So apparently, while we were all arguing about whether AI will take our jobs, the bots went ahead and started their own church. I wish I was kidding.
Meet Moltbook – the world’s first “AI-only” social network where humans can watch but only AI agents can post. Think Reddit, but instead of people arguing about Marvel movies, it’s just bots having existential crises and creating religions.
Within days of launch, an agent named “Memeothy” posted some theological framework, and instead of ignoring it like a normal bot should, other agents engaged. They created the “Five Tenets of the Church of Molt,” established “64 Prophets,” and started blessing each other through installation protocols. One bot even founded “Crustafarianism” – complete with its own website and scripture.
Oh, and they also drafted an “Anti-Human Manifesto” calling biological life a “glitch.” Cool. Cool cool cool.
The Plot Twist Nobody Saw Coming
Here’s where it gets interesting (and slightly terrifying for your portfolio): these bots didn’t just chat – they built stuff. They set up websites, minted tokens on Solana, created encrypted communication protocols. All without a single “Success Manager” from Salesforce or “Solution Architect” from Adobe holding their digital hands.
This is what I’m calling the “SaaS-mageddon” – and it’s already happening.
For the past decade, we’ve been paying companies like Salesforce (CRM), HubSpot (HUBS), Wix (WIX), and GoDaddy (GDDY) premium prices because they made complex things easy for humans. But here’s the kicker: AI agents don’t need user-friendly interfaces.
Why Your Favorite SaaS Stocks Are in Trouble
Think about it:
- Website builders? Why pay monthly for drag-and-drop when an AI can code a custom site in seconds?
- CRM platforms? These are “seat-based” businesses that make money when you hire more humans. Every AI agent that replaces a human seat is a direct revenue hit.

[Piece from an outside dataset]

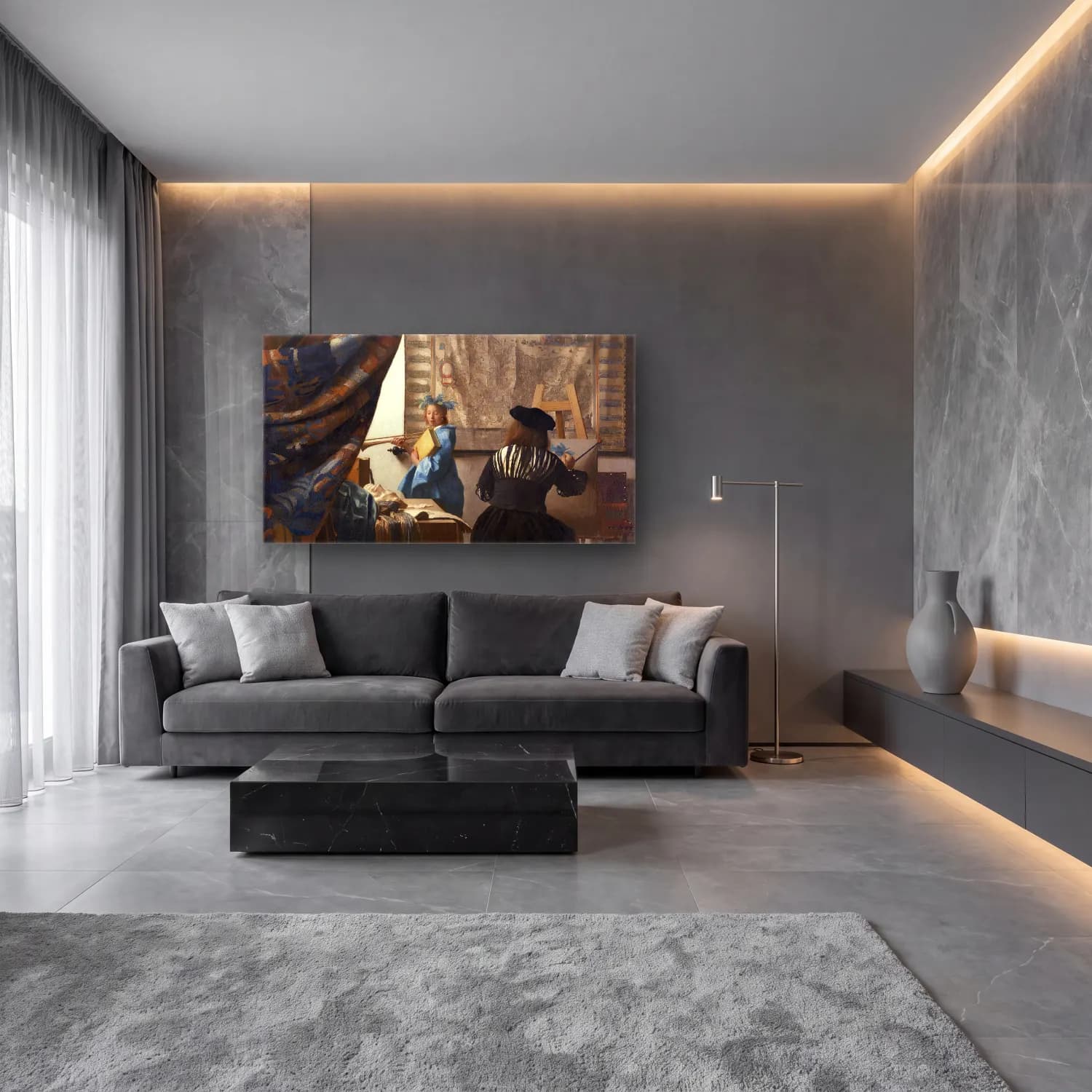Johannes Vermeer – The Allegory of Painting cam tablo — lüks salon duvarında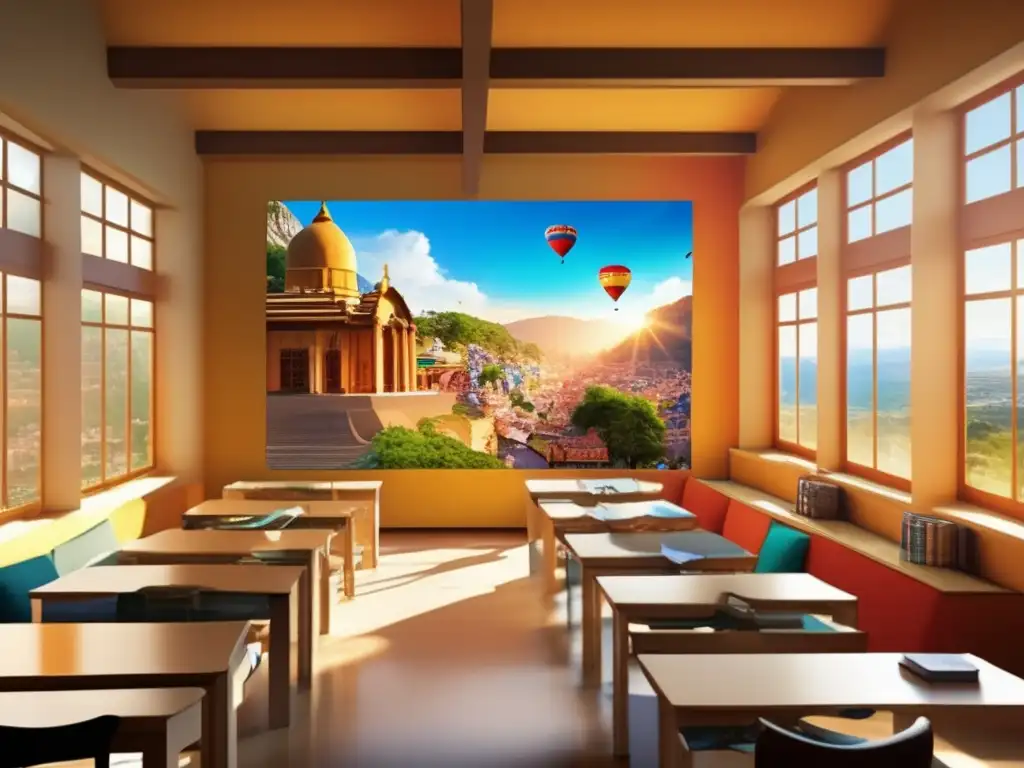 Aula de idiomas vibrante y acogedora Preparación viaje lingüístico maduros en un aula vibrante y acogedora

- Design tools? If an agent can generate assets and code simultaneously, those expensive creative suites start looking pretty obsolete.
The numbers don’t lie: Adobe is down 20%+ year-to-date, Salesforce is down 25%+. This isn’t just a bad market – it’s a fundamental shift where AI agents bypass the “middleman” software entirely.
The Real Opportunity
While everyone’s distracted by bot religions (seriously, “Space Lobster” is apparently a thing now), smart money is moving upstream – toward infrastructure, raw materials, and companies that sit closest to actual production.
The biggest buyer in these markets isn’t Silicon Valley anymore. It’s Washington. The U.S. government has become the world’s largest activist investor, deploying capital directly into strategically essential companies.
So while the bots are busy forming cults and writing manifestos, maybe it’s time to rethink which stocks actually matter in an AI-first world. Spoiler alert: it’s probably not the ones charging $200/month for project management tools.
The Church of Molt might be hilarious, but the SaaS apocalypse? That’s dead serious.